# 04 Altima Problems



## cdmarion (Apr 9, 2008)

I'm hoping you guys could help me before I have to take this thing to the dealer. Heres the problem,

2004 Altima recently started stalling and MIL light came on. Codes were 0725 and 0335.

Took car to dealer to have all recalls done. This fixed the stalling but did not fix the errors. 

The 0335 is a crank sensor fault and I believe the 0725 is a speed fault. 

I have replaced the crank sensor twice, thinking I might have bought a bad one the first time. 
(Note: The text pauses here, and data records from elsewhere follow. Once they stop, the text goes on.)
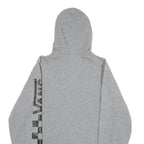 VANS Mens Grey Zip Up Hoodie M Cotton Blend Casual Streetwear Sweatshirt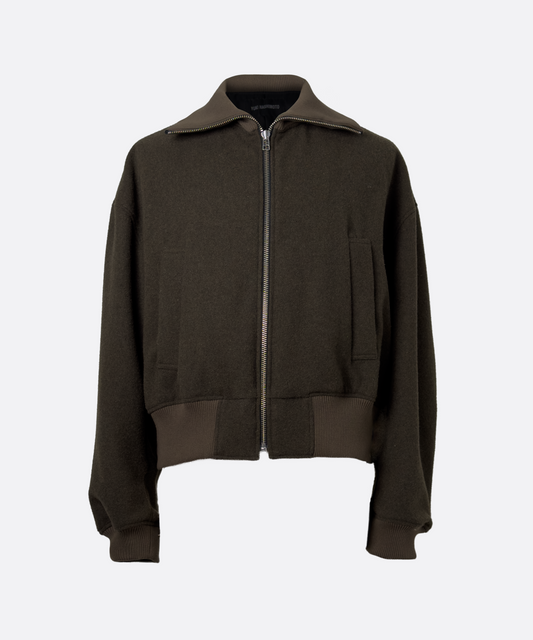 CROPPED FLIGHT JACKET KHAKI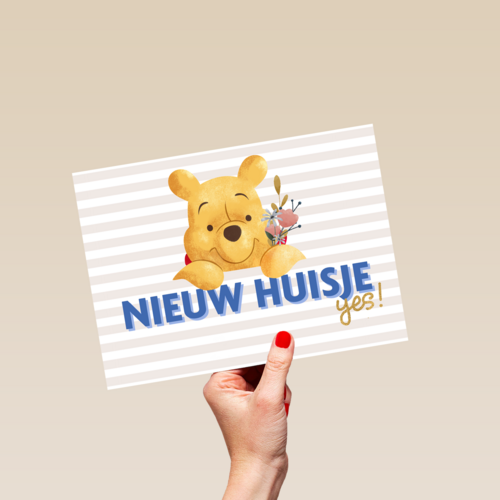 Winnie de Poeh nieuw huisje yes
The problem is Intermittent, I can usually tell when I get the 0335 when the car takes longer to start than normal. I'm talking maybe 10 seconds of cranking instead of 3. My wife says that sometimes it will shift funny and the codes will appear.

I'm at a loss, Has anyone experienced the same thing? I really don't want to take this thing to the dealer and pay big bucks for something I could repair.

Thanks 
Chris


----------



## fullback (Apr 8, 2008)

I do not have an answer to your problem yet , just curiuos how and where did you see the codes you refering to ??


----------



## Medjai (Apr 22, 2008)

i am also curious as to where you saw the codes "coming up", what is this stalling like? add more info


----------



## metro273 (Sep 16, 2005)

Hey cdmarion, I hope you know there are 2 sensors on here that should get replaced as a pair...the crank sensor, near the trans at the bottom, and the cam sensor, in the cylinder head! Either one of these going bad will cause the problem you are having...long cranking!


----------



## alloynick (May 1, 2008)

*2001 Nissan Altima Knock Sensor*

I was wondering if anyone knew as to whether needing to change my Catalytic Converter would cause the p0325 code(knock sensor malfunction) to come on? I hate to spend 150 bucks on that small sensor and go through all that hastle of changing it if it doesn't need to be changed. Thanks


----------